Année de dégustation : 2018

Ces sardines à l’huile d’olive vierge extra sont commercialisées sous la marque 1830 de la « maison » Brémond et Fils et vendues sur leur site à 4.90 euros la boite (du très haut de gamme donc). Elles m’ont été offertes pour mon anniversaire.

La société Brémond & Fils a été vendue en 2015 au propriétaire de l’Occitane en Provence.

Il s’agit en fait de sardines Ferrigno (voir notre dégustation des Belles de Marseille) comme l’atteste l’ovale vétérinaire.

Conserverie Ferrigno. Photo issue du site du Pays d’Arles

Conserverie Ferrigno. Photo issue de l’office du tourisme de Port-Saint-Louis

La préparation est manuelle avec une cuisson au four, sans friture. Les sardines sont moins moins salées (0.85g de sel) que les sardines traditionnelles bretonnes (1g). Un bon point diététique. Par contre, niveau calories, malgré la cuisson au four, les quantités sont quasiment identiques aux sardines à l’huile d’olive connétable (respectivement 222g et 221g) même si, curieusement, elles comptent 2 grammes de graisse en moins (respectivement 13g contre 15g).

La DLC en 2021 doit indiquer une pêche 2015 si on se réfère aux habitudes en la matière de la conserverie mais rien n’est moins sur. Le poisson provient de l’atlantique centre-est (borné au Nord par le Maroc et au Sud par l’Angola) : on est donc loin de la pêche locale.

L’usine est située à Port-Saint-Louis-du-Rhône qui est effectivement à l’extrémité est de la Camargue.

La mise en boite manuelle est correcte : les sardines ne sont pas présentées sur leur côté argenté mais sont plutôt en bon état (même sur la face non visible sur la photographie) et les 5 poissons remplissent bien la boite.

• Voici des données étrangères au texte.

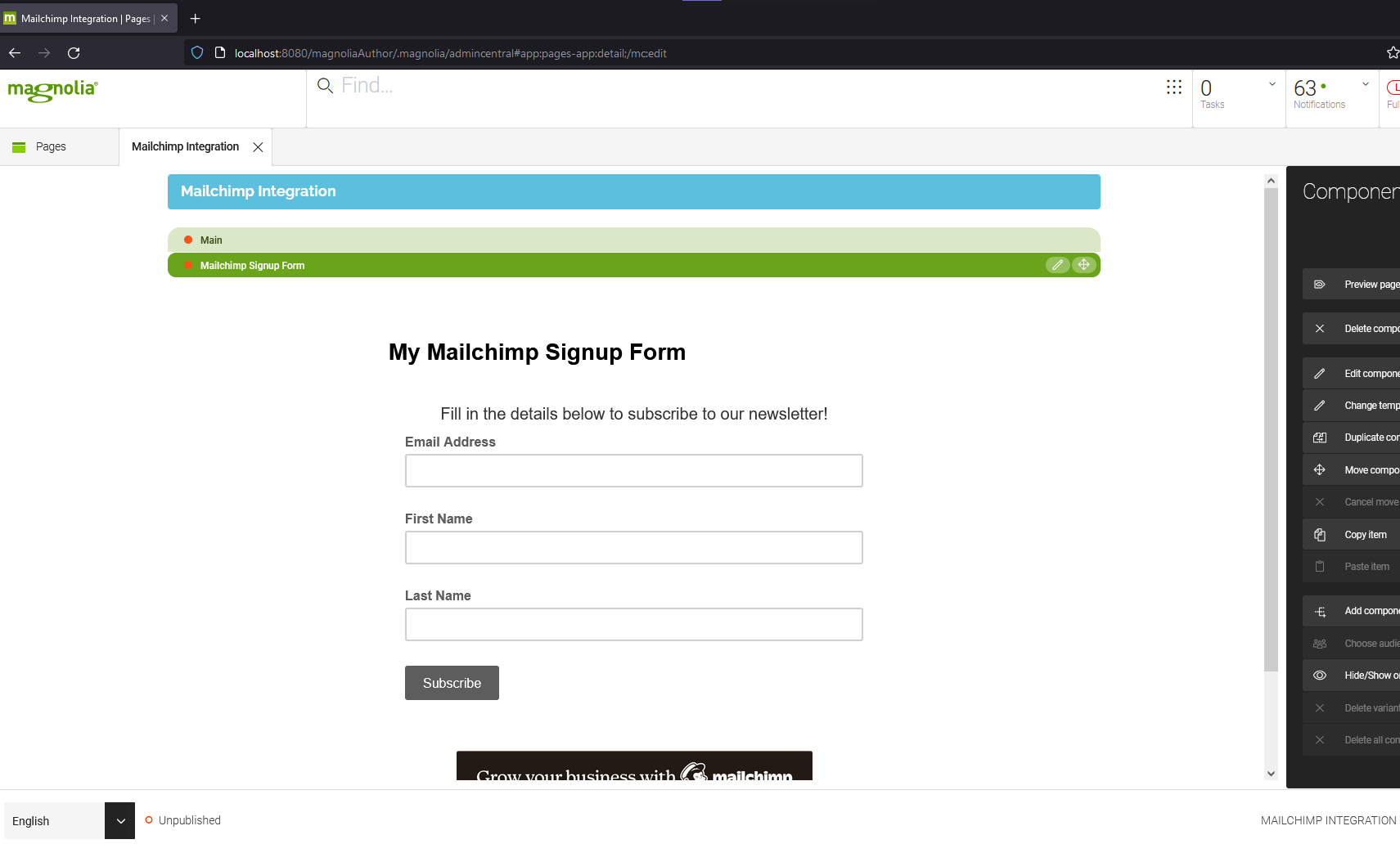 Usage in signup form component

En bouche, la première impression est un manque de goût et de fondant. Si les sardines ne sont pas fermes, elles ne fondent pas non plus… elles se désagrègent. Le goût du poisson est peu présent et l’huile d’olive dégage un agréable mais léger fruité. A ce prix là et avec un marketing lourdingue qui fait tant appel à la tradition (1830, pêcheur de père en fils…) et au terroir (préparées en Camargue…), on est en droit de s’attendre à beaucoup mieux.